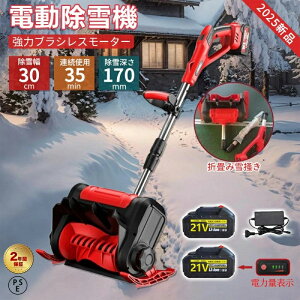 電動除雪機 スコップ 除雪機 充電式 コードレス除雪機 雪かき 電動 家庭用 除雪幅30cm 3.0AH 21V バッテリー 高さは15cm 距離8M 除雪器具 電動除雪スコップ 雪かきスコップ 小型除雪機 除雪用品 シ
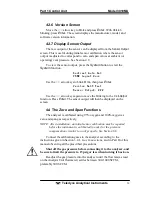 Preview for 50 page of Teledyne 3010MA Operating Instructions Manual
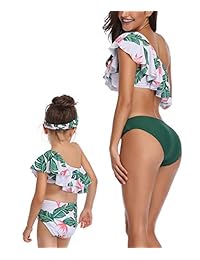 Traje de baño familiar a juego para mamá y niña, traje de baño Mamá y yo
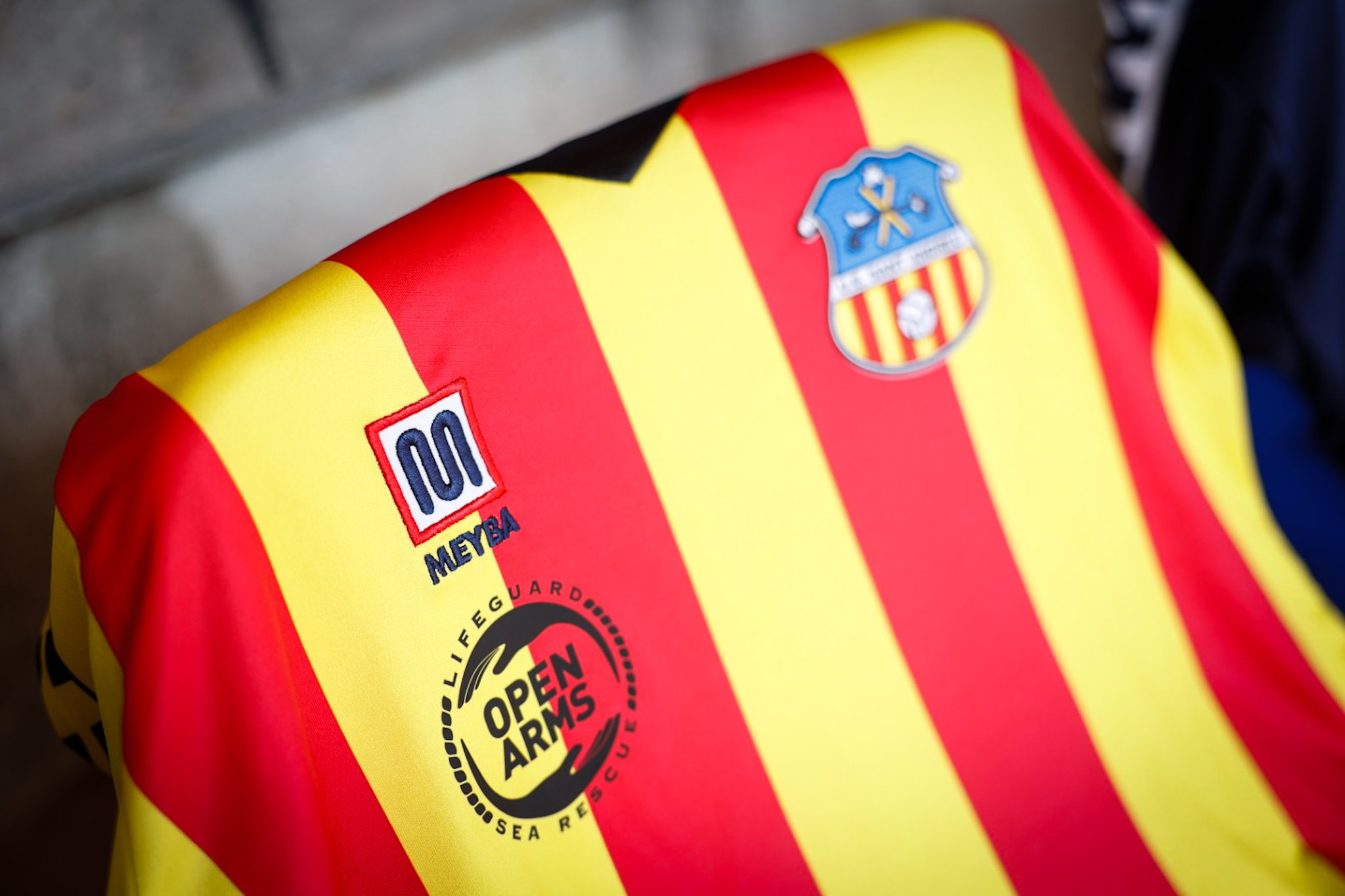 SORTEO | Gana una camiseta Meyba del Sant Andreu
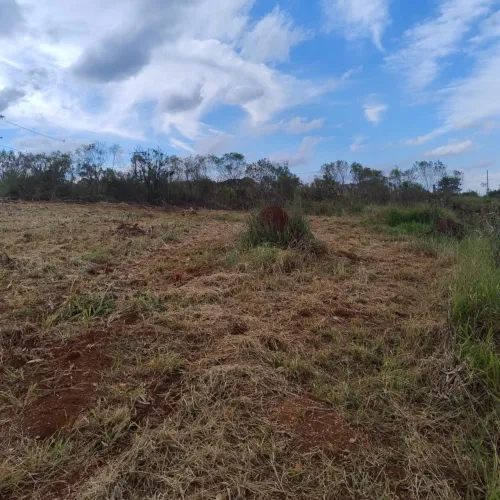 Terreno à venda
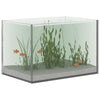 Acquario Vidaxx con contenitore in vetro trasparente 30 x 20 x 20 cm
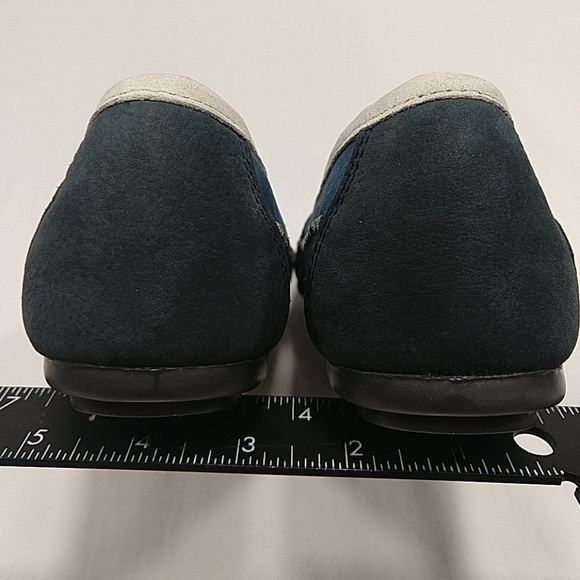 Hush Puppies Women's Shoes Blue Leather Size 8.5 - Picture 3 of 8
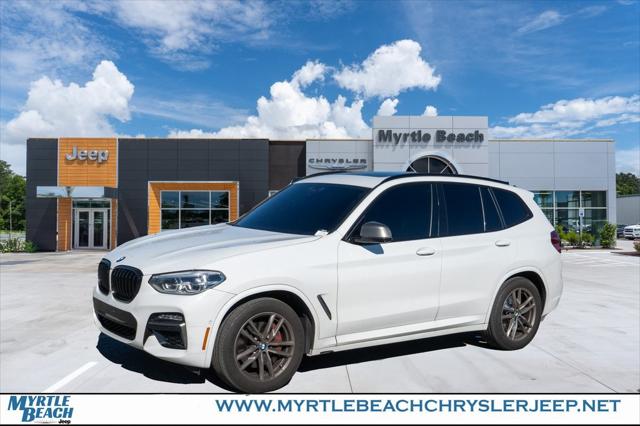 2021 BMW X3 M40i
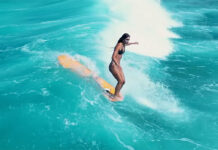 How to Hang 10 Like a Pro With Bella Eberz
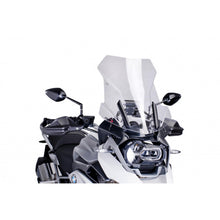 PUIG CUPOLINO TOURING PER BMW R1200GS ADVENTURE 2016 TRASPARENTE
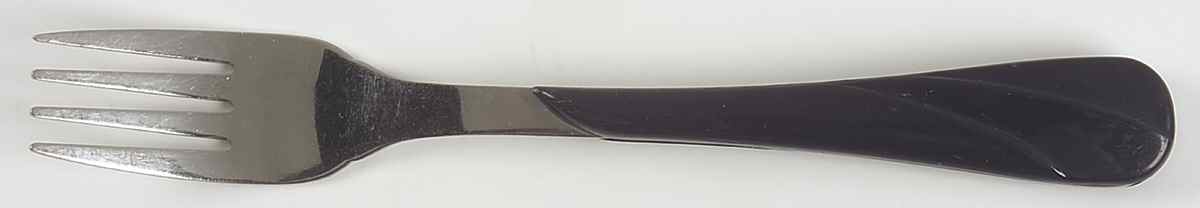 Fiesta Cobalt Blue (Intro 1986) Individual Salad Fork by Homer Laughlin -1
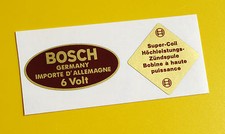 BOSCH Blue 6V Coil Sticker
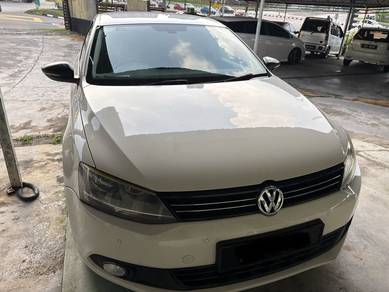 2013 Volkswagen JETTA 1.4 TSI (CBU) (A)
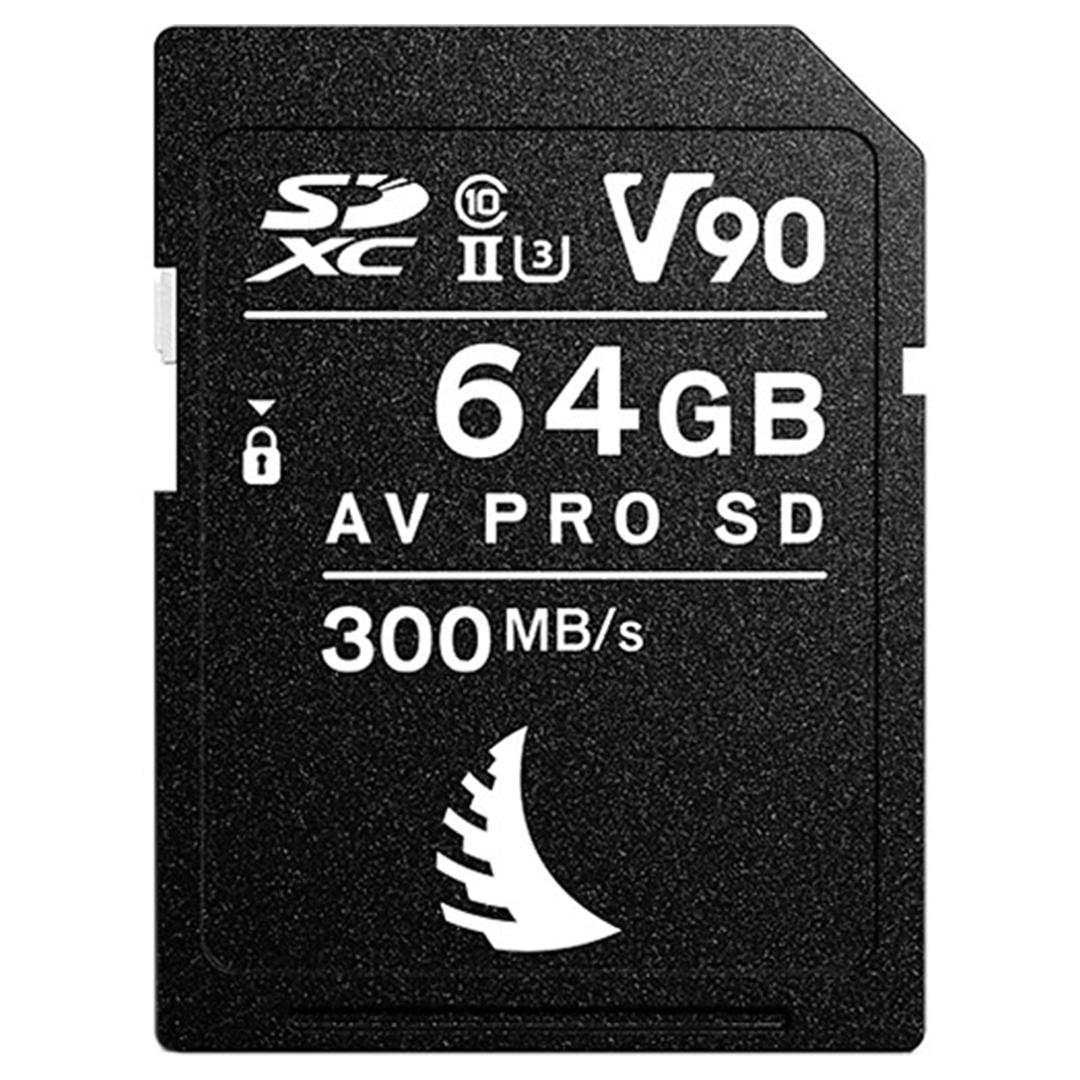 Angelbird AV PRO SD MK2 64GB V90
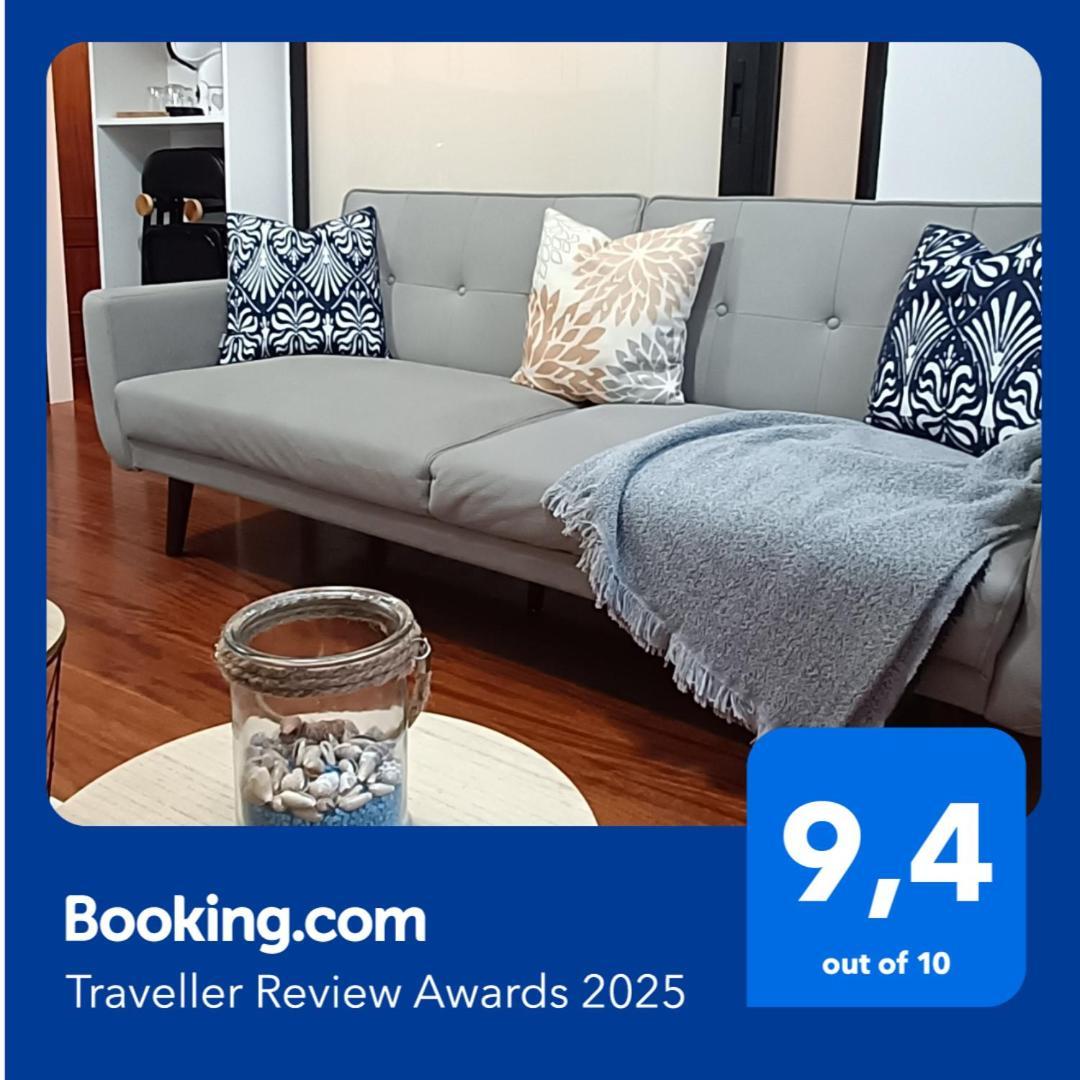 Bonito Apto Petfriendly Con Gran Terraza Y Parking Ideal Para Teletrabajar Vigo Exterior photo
══════════════════════════════
◆ **The problem**: If a picture falls within the span, leave it out, and reproduce exactly the lines from the one containing "How to Hang 10 Like a Pro With Bella Eberz" through the end of the material, and no others.

◆ **Answer**:
 How to Hang 10 Like a Pro With Bella Eberz
 PUIG CUPOLINO TOURING PER BMW R1200GS ADVENTURE 2016 TRASPARENTE
 Fiesta Cobalt Blue (Intro 1986) Individual Salad Fork by Homer Laughlin -1
 BOSCH Blue 6V Coil Sticker
 2013 Volkswagen JETTA 1.4 TSI (CBU) (A)
 Angelbird AV PRO SD MK2 64GB V90
 Bonito Apto Petfriendly Con Gran Terraza Y Parking Ideal Para Teletrabajar Vigo Exterior photo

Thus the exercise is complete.